Provided data

+++

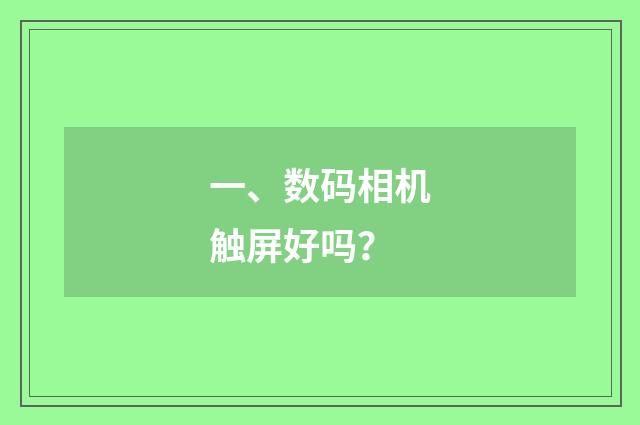 一、数码相机触屏好吗？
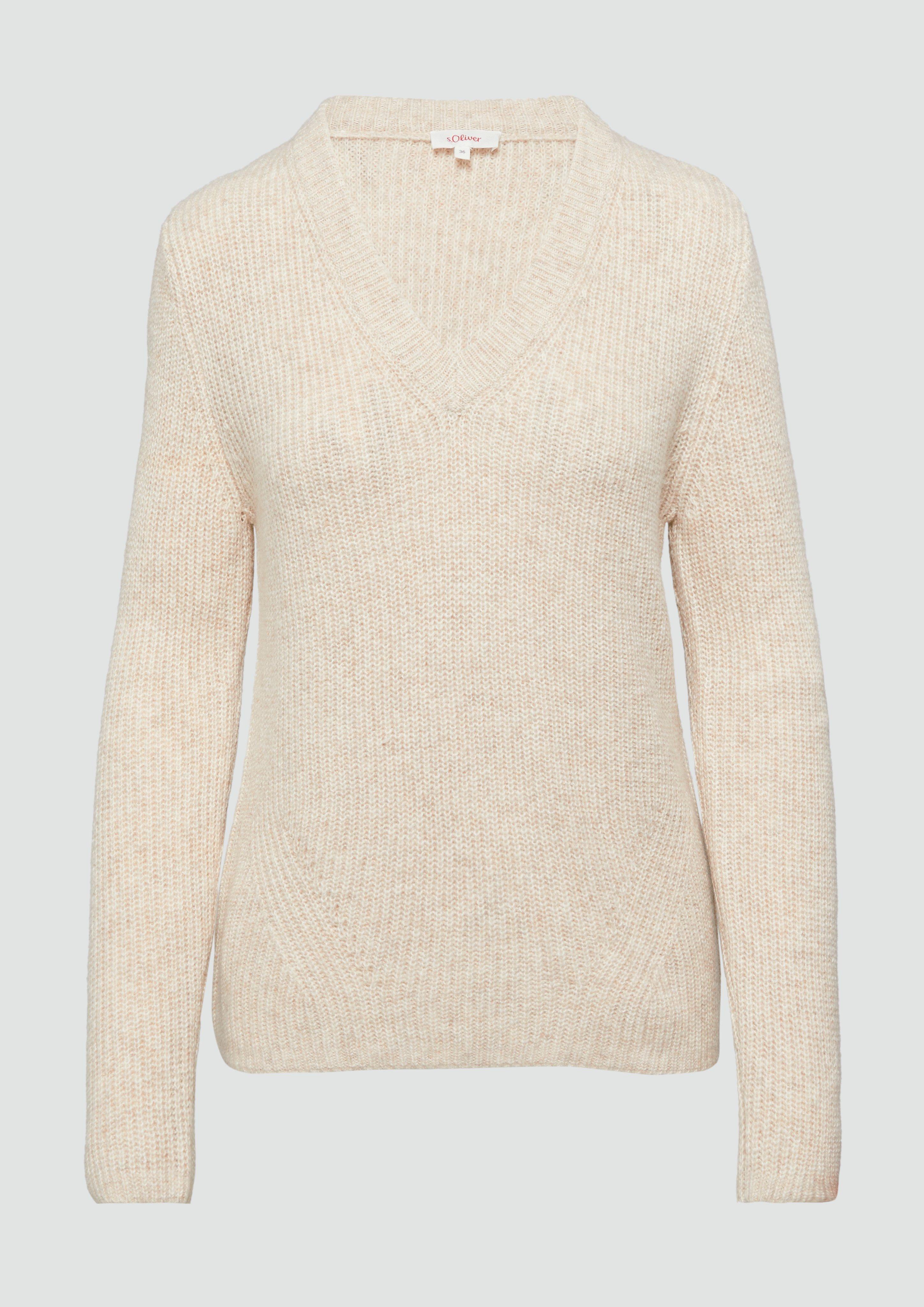 s.Oliver - Strickpullover mit V-Ausschnitt und Rippblende, Damen, Beige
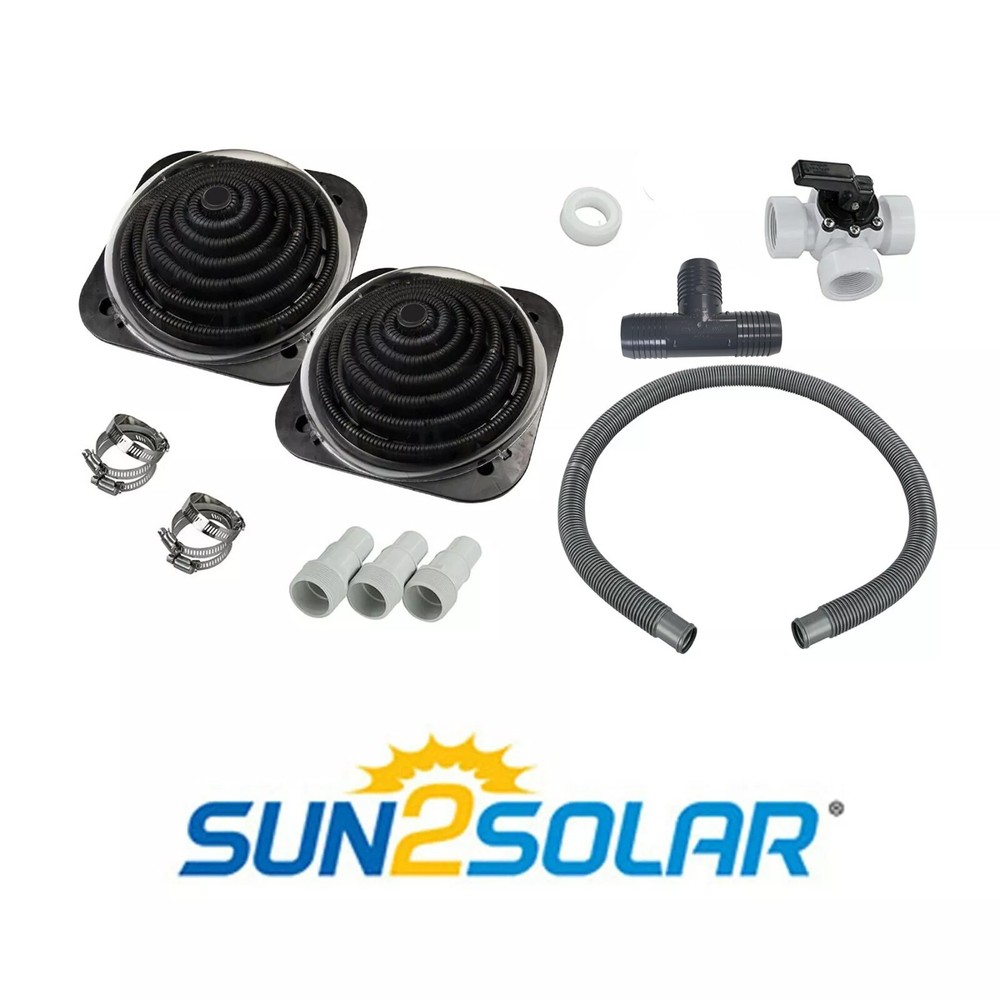 2 PACK Sun2Solar Deluxe Above Ground Swimming Pool Solar Heater w/ Bypass Valve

+++

What to produce
Reproduce the whole listing above word for word, dropping each image.

Task result
 一、数码相机触屏好吗？
 s.Oliver - Strickpullover mit V-Ausschnitt und Rippblende, Damen, Beige
 2 PACK Sun2Solar Deluxe Above Ground Swimming Pool Solar Heater w/ Bypass Valve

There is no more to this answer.